What’s really frightening is that these people don’t exhibit an ounce of critical thinking, and these ridiculous attitudes are endemic in the people who run our country. I’m waiting for some smart, pragmatic, sensible guy in government or the press to stand up and truncate that famous quote: “You have done enough. Have you no sense?”

(via Atrios)

Comments

  1. Steve_C says

    Uhg.

    I start screaming at my TV when I see shit like this. It’s insane.

    Please Lewis Black do a back in black on this.

    I was walking down the subway steps with my 2 year old son this morning and some
    Jews for Jesus loon was singing hallehlueah and hand out flyers. I couldn’t help myself
    but start making little kookooo kookooo sounds after we passed her. She had that vacant
    happy face on.

  2. minimalist says

    Well, there’s always the possibility that he’s lying in the name of self-promotion. Of course, this is the same CIA that wasted so many years on “psychic” espionage techniques, staring at goats, and magic beard-fall-out powder.

  3. says

    Steve_C:

    I see that look every Sunday on people at the church my wife takes me to. That fake-looking, happy at anything, I-haven’t-an-interesting-thought-in-my-head look. They’re all kinda like Jessica Simpson, only more self-righteous. Makes me want to punch things.

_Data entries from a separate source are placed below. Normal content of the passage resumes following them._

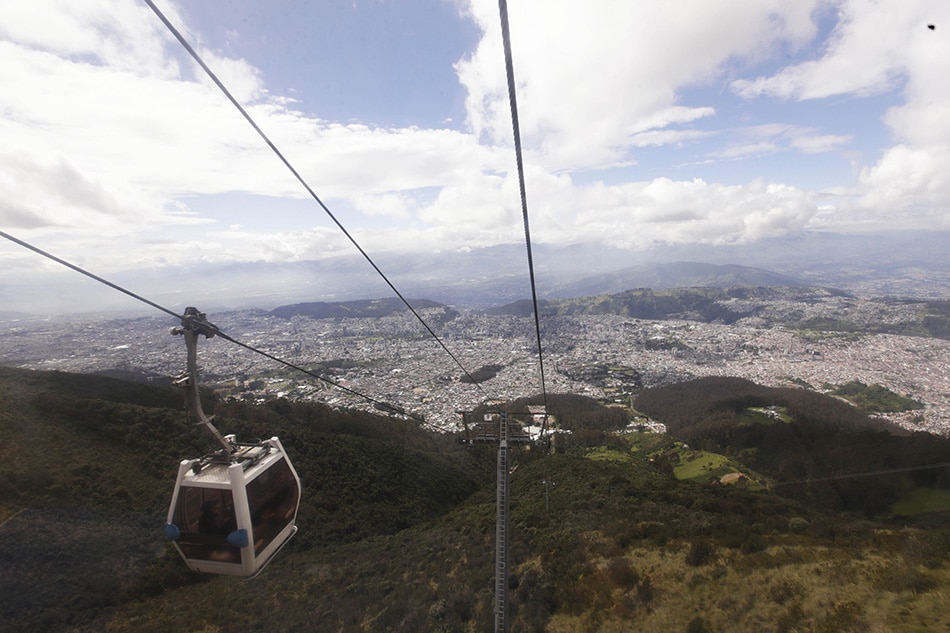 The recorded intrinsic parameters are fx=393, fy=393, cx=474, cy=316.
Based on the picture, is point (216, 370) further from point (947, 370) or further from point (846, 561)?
point (947, 370)

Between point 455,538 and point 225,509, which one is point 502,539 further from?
point 455,538

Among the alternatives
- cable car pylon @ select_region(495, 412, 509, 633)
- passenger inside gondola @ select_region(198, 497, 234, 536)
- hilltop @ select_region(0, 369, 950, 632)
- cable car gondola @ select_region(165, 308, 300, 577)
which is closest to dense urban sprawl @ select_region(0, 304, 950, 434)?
hilltop @ select_region(0, 369, 950, 632)

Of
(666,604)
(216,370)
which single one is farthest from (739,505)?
(216,370)

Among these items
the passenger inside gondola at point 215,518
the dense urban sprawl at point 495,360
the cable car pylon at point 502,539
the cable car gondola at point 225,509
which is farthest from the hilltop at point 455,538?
the dense urban sprawl at point 495,360

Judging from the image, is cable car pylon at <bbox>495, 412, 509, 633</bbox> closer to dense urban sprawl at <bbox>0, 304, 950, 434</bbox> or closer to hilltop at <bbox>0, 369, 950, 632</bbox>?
hilltop at <bbox>0, 369, 950, 632</bbox>

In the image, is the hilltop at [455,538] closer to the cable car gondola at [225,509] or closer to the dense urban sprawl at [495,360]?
the cable car gondola at [225,509]

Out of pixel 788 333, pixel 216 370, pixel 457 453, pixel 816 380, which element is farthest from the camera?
pixel 788 333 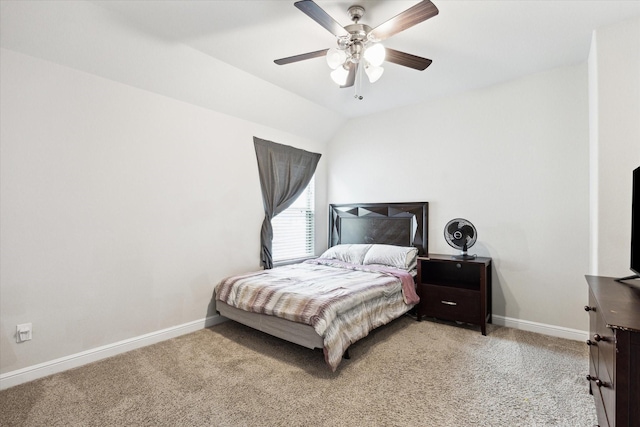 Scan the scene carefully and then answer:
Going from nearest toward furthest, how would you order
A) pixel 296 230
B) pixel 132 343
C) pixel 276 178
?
1. pixel 132 343
2. pixel 276 178
3. pixel 296 230

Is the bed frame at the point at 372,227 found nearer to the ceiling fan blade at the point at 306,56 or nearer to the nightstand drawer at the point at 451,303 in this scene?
the nightstand drawer at the point at 451,303

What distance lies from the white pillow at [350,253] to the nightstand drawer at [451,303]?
0.87 meters

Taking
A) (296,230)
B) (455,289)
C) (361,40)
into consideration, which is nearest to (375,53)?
(361,40)

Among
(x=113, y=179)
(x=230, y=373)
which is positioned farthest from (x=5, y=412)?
(x=113, y=179)

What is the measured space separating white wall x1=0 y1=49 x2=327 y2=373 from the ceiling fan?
60.9 inches

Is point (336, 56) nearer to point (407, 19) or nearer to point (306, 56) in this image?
point (306, 56)

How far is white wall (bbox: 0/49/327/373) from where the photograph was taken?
2.19 meters

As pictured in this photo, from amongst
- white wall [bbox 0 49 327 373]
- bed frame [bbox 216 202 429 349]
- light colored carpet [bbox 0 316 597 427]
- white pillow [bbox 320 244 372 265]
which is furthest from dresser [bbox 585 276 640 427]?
white wall [bbox 0 49 327 373]

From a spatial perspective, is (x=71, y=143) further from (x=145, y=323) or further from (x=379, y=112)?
(x=379, y=112)

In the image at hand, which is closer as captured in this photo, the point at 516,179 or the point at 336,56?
the point at 336,56

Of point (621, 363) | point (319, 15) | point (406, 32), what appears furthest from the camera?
point (406, 32)

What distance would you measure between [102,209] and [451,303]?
3413mm

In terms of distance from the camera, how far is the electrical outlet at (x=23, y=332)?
2176 mm

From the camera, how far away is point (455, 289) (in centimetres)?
319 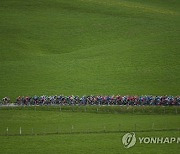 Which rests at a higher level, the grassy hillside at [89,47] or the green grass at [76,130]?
the grassy hillside at [89,47]

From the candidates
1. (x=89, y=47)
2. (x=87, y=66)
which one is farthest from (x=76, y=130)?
(x=89, y=47)

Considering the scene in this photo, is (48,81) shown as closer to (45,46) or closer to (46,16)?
(45,46)

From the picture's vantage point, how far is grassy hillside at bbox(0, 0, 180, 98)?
98.7 m

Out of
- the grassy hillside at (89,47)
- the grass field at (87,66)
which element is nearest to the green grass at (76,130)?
the grass field at (87,66)

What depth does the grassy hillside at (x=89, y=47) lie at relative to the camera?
98688mm

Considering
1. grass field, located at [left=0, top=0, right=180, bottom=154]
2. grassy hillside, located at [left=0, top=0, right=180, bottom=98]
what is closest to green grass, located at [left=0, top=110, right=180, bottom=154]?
grass field, located at [left=0, top=0, right=180, bottom=154]

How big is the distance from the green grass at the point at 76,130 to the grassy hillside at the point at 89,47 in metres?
13.0

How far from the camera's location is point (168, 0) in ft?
558

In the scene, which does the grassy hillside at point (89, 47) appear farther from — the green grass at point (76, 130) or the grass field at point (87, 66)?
the green grass at point (76, 130)

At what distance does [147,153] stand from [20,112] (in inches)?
951

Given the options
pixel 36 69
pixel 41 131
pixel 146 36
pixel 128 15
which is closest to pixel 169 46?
pixel 146 36

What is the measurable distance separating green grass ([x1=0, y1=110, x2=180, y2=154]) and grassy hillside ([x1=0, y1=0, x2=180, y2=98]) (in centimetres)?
1302

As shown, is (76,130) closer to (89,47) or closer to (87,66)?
(87,66)

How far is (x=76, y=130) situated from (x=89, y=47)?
54617mm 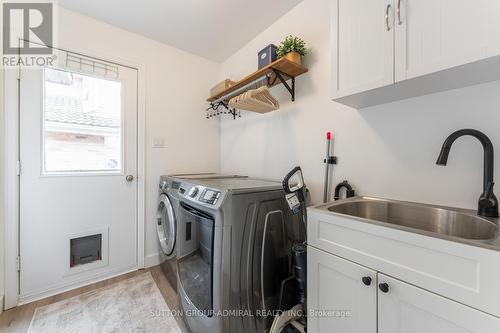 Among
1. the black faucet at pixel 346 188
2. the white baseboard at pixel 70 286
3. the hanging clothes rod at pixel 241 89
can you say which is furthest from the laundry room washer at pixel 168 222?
the black faucet at pixel 346 188

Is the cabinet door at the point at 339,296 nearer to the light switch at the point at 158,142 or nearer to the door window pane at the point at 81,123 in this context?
the light switch at the point at 158,142

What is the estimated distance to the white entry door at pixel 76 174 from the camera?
1792 millimetres

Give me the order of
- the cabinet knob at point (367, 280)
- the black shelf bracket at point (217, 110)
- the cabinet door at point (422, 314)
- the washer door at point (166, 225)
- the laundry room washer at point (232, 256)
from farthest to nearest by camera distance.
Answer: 1. the black shelf bracket at point (217, 110)
2. the washer door at point (166, 225)
3. the laundry room washer at point (232, 256)
4. the cabinet knob at point (367, 280)
5. the cabinet door at point (422, 314)

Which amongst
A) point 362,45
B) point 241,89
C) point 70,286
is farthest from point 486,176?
point 70,286

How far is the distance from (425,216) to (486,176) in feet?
1.01

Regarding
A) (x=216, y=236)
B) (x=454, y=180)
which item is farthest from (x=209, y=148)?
(x=454, y=180)

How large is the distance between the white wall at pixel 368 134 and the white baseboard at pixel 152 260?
1.50 m

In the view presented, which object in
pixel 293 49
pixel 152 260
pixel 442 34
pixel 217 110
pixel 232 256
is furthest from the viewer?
pixel 217 110

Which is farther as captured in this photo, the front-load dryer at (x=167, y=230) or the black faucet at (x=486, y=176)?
the front-load dryer at (x=167, y=230)

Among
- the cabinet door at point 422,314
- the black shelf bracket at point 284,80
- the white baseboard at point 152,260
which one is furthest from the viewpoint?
the white baseboard at point 152,260

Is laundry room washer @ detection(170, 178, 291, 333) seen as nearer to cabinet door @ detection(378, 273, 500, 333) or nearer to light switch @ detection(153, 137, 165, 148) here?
cabinet door @ detection(378, 273, 500, 333)

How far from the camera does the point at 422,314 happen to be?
0.71 m

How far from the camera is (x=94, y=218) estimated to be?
6.83ft

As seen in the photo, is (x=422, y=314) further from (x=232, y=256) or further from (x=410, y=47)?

    The Rapture demented fuckwits, otoh, have a psychotic, angry kinda look to them. Different kind of fake smile, too. Their eyes don’t seem to be quite so vacuous, and that makes them much more dangerous.

  4. umilik says

    Unbelievable. On CNN. Is there any refuge of sanity left ? I think not. We are facing nothing less than the end of the era of enlightenment and are heading straight back into the early middle ages. Can another inquisition be far behind ? How long bfore the first heretic will be at the stake ? Be afraid. Be very afraid.

  5. Steve_C says

    One rational is that Jesus was a jew therefor if you follow him… you’re a jew too.

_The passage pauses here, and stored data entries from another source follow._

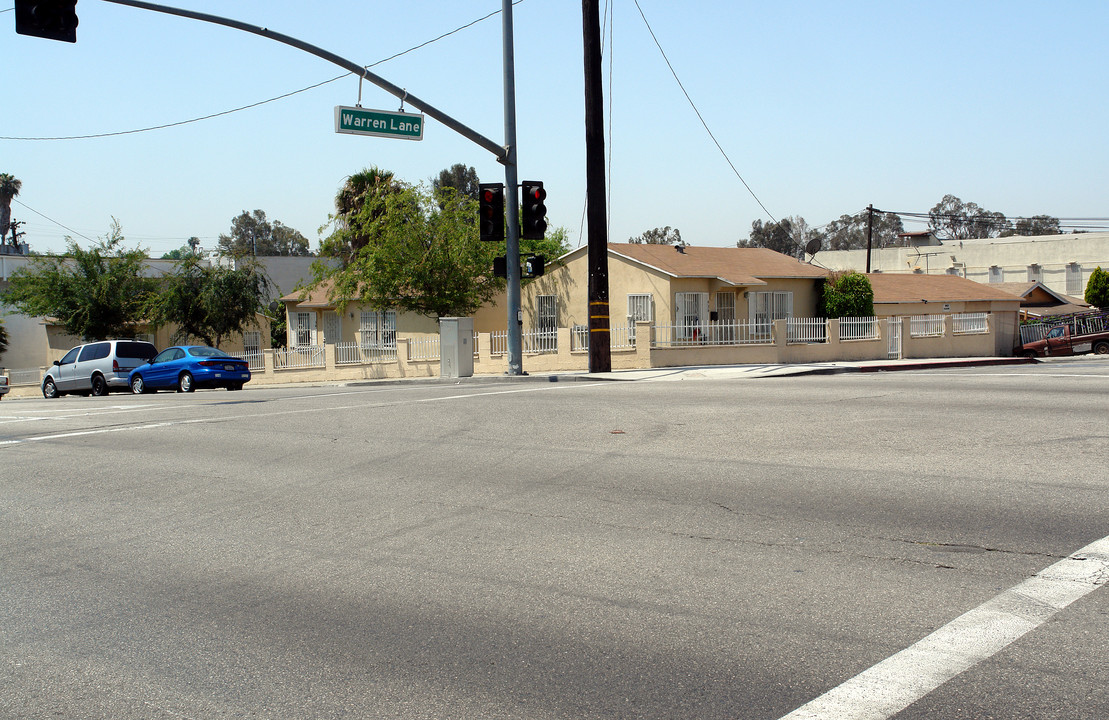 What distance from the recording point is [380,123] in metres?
19.5

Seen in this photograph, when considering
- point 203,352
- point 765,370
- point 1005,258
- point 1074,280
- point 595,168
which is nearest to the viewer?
point 595,168

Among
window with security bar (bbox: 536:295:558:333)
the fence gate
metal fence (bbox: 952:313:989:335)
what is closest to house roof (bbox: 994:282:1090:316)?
metal fence (bbox: 952:313:989:335)

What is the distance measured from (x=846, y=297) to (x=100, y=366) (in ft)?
90.2

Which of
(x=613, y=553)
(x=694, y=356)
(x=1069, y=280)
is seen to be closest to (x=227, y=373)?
(x=694, y=356)

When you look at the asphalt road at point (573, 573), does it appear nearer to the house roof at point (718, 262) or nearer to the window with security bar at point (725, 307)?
the house roof at point (718, 262)

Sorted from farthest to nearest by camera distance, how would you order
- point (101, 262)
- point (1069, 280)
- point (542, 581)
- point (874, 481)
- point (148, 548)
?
point (1069, 280), point (101, 262), point (874, 481), point (148, 548), point (542, 581)

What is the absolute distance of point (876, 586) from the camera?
560 centimetres

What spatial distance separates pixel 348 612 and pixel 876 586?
10.5 feet

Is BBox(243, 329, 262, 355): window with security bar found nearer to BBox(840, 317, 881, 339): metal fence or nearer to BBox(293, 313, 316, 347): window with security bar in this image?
BBox(293, 313, 316, 347): window with security bar

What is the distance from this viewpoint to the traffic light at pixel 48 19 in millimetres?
13578

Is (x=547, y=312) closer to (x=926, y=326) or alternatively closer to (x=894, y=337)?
(x=894, y=337)

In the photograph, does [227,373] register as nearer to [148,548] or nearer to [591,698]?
[148,548]

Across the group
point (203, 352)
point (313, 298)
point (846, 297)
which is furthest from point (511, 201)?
point (313, 298)

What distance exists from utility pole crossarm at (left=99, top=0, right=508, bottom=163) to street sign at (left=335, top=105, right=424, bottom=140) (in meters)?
0.35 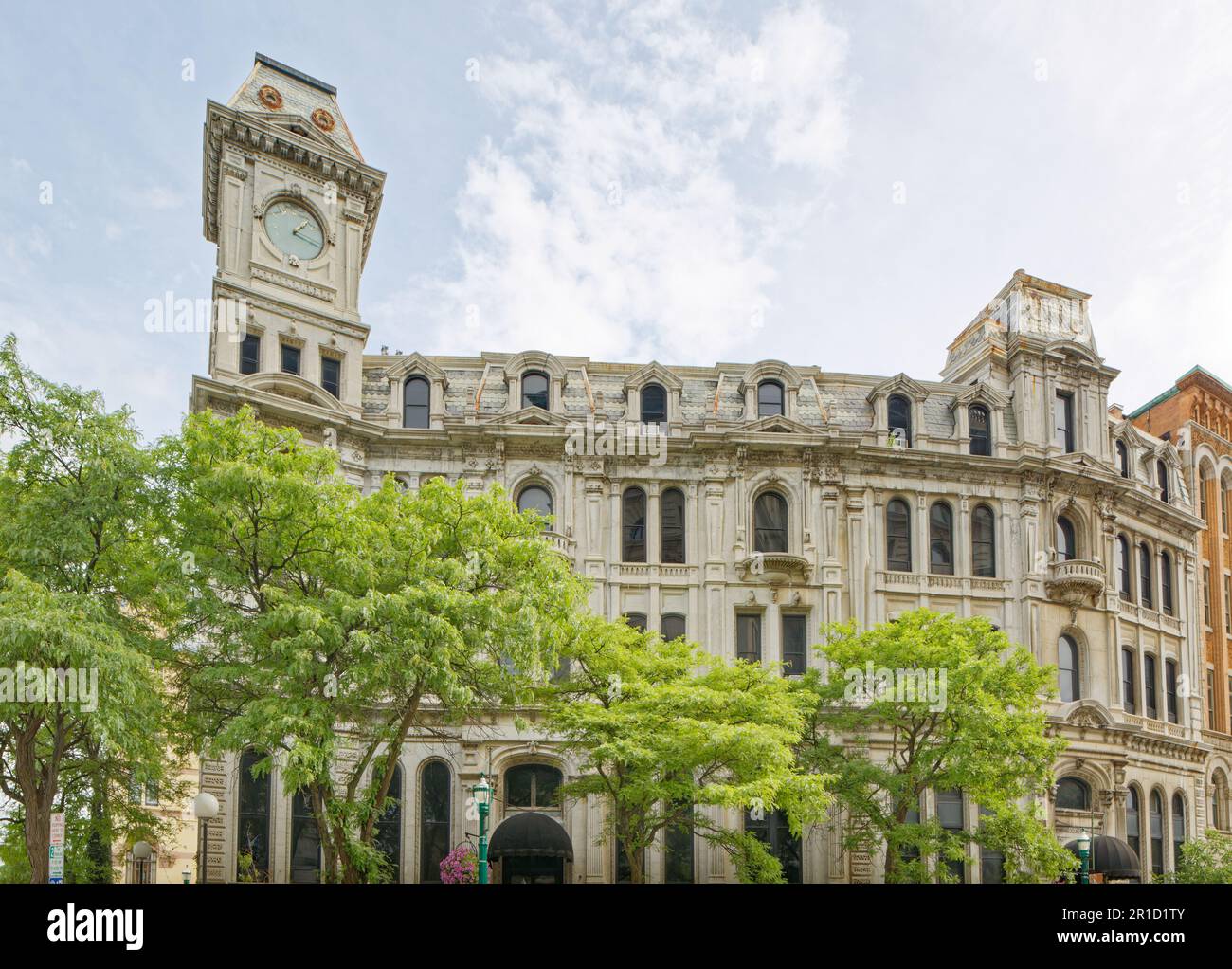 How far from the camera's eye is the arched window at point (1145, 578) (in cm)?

    So do they celebrate Christmas or Passover?

  6. jc says

    How did these nuts become mainstream? How do we get rid of them? They are dangerous, wanting to encourage global warming, encourage the war in the middle east,(all to bring on the “second coming!!”) yet save a
    blastocyt?? This endtimes crap is promoting the more fear and stronger dependence on their version of gods word. Legitemizing this crap is sooo scary!

  7. says

    Such claims are there to tell Bible-reading and -believing Christians that the person is espousing false prophecy. Anyone who reads Mark 13 clearly understands that no one knows the time of the “apocalypse”: “But of that day or hour, no one knows, neither the angels in heaven, nor the Son, but only the Father.” (New American Bible version)

    Jesus’ advice: Live wisely, kindly and well, live in virtue; do not put off to tomorrow the good acts one needs to do. Excluded from what a Christian should be doing in such times: Going on TV happily proclaiming prophecies are being fulfilled and the end is near. (I loved that cartoon in New Yorker years ago with the typical robed, bearded guy carrying a sign that said “The End is Near!” and coming up behind him, out of the clouds, a huge hand poised to flick the guy off the face of the Earth.)

    Of course, I’m assuming that Christians read scriptures, and it’s clear that these lunatics and their followers missed this key scripture (it’s an entire chapter, after all — tough to skip over).

    PZ, it’s another of those ironies: The virtuous atheist by disbelieving the chicken-littles, calling them on their bizarre behavior, and working for real peace in the Middle East, does the work that Jesus advised much more than those who claim the mantle of “Christian prophet.”

    Don’t stop calling them idiots on that account, please.

  8. says

    You’ll also notice that when CNN did this piece, they spent approx 3/4 of it interviewing the apocolyptic nuts and 1/4 interviewing a Catholic priest who rightly called this interpretation of the Revelation “rubbish”.

    It just doesn’t entertain and enthrall so much to show a voice of reason, and an educated theology, versus ignorant hysteria.

  9. Dawn Marie says

    When the President can sit at his desk surrounded by the praised products of stem cell research (snowflake babies)while signing a veto on progressing stem cell research, or tout the preciousness of life while engaging in war and killing- we know this country has lost any sense of logic it may have once had.

  10. G Barnett says

    Ugh. Nutcases. My biggest worry right now, is whether or not this Joel C. Rosenberg is the same person as the Joel Rosenberg who wrote the Guardians of the Flame fantasy novels. That would be a helluva downer, I think.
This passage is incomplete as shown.